*Exercise:*
Would you output the entries below only from the line containing "District 9 Rock" through the line containing "La directora general", exactly as they stand and with both ends included?

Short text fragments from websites
- - - - - - -

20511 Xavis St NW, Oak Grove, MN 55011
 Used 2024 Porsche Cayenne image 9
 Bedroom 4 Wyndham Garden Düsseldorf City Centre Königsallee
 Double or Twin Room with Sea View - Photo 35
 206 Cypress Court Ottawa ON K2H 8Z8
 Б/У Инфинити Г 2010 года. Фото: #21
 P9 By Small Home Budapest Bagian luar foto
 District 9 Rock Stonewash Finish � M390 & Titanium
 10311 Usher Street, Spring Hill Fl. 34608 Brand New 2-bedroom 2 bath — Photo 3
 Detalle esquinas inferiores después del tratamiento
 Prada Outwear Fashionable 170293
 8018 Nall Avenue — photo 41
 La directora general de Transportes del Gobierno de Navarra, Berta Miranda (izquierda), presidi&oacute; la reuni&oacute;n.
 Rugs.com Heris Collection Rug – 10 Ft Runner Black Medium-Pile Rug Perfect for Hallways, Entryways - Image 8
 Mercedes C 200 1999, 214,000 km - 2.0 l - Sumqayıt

- - - - - - -

*Written solution:*
 District 9 Rock Stonewash Finish � M390 & Titanium
 10311 Usher Street, Spring Hill Fl. 34608 Brand New 2-bedroom 2 bath — Photo 3
 Detalle esquinas inferiores después del tratamiento
 Prada Outwear Fashionable 170293
 8018 Nall Avenue — photo 41
 La directora general de Transportes del Gobierno de Navarra, Berta Miranda (izquierda), presidi&oacute; la reuni&oacute;n.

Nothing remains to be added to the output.